Many YNs working for me had spouses who were BMs or MKs. Eventually, you reach a point where one career has a better opportunity for advancement, or ship/shore rotations of duty will be needed. Both of you being in the same tour rotation makes things easier for AOs to coordinate transfers. One may have to extend or do another tour to get them in alignment.
Most of all, working with people well in advance will work best for everyone, no surprises. AOs are usually willing to work with people who have already done some legwork on their own and have realistic expectations. Have a Plan A, a Plan B and a Plan C. You never know what is really happening, even though there may appear to be a vacancy coming up at a unit. Remember there are two careers here, and speaking for each other to the other's AO isn't advisable. Explaining to your respective AOs will let them know of the situation, and they can work together once they have all the info from both of you.
If you both stay on active duty, make sure you evaluate your career paths and keep an eye on locations you may want to go to down the road and align yourselves to get there. Both of you planning and keeping the AOs apprised of any changes or wishes will help make things smoother. Make sure you talk to your Command Chiefs and seek out other active duty couples in same ratings and talk with them. Again, keep people aware of your intentions so they can assist if necessary. The Reserve component as an option if things get tight as you rise through the ranks.
I'm at Sector North Carolina and she is on the CGC Chase out of San Diego, CA. Good luck... My wife's detailer shot down everything... even when we offered "No Cost" Orders. I guess it'll be a while. Hopefully you have a better outcome.
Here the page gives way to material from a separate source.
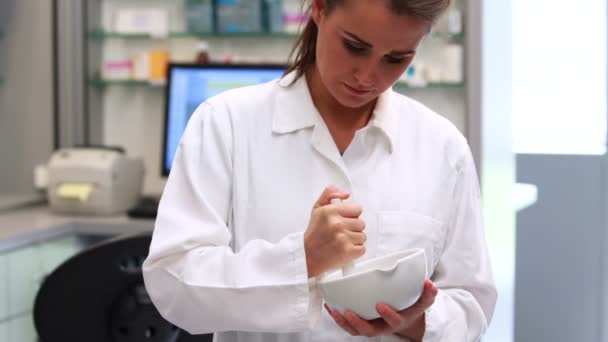 Junior farmacéutico mezclando un medicamento — Vídeo de stock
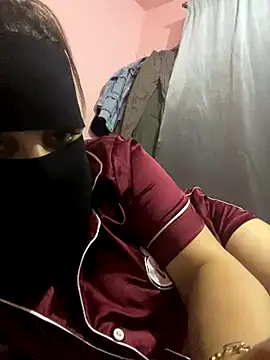 Snapshot of _Jori_ chatting on 10/07/25, 09:28 Jori online show from 10/07/25, 09:28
whats worse is, we just found out she is pregnant. Her command has been giving her the runaround with her options to get co located. She is trying to strike BM, but they keep telling her that won't get her moved
Thats not good... The best advice her command gave us was to get her pregnant...b/c then she wouldnt be fit for sea duty and they'd have to taker her off the ship. But we're not going to do that... nothing wrong with kids or anything... I just don't want one right now. How far a long is she?
The term "whenever possible" has a host of meanings....
It could be due to funding issues It could be due to the departing unit's staffing It could be due to the receiving units staffing It could be due to unknown planned - projected projects and as always, It could be due to the "needs of the service" which are usually not visible to those in question... (in other words, it is the governments way of an excuse (usually a denial) with no explanation necessary or given.
I was in West Palm, FL and the wife was in VA. After her time came up they asked her to reenlist, she asked if she could transfer to be with me, they said nope. She said I get the same benefits either way and I get to be with my husband, NO thank you, I will get out. Oh well it is how it is sometime. Just remember, Needs of the Service comes first, and you weren't issued a wife or family in your seabag.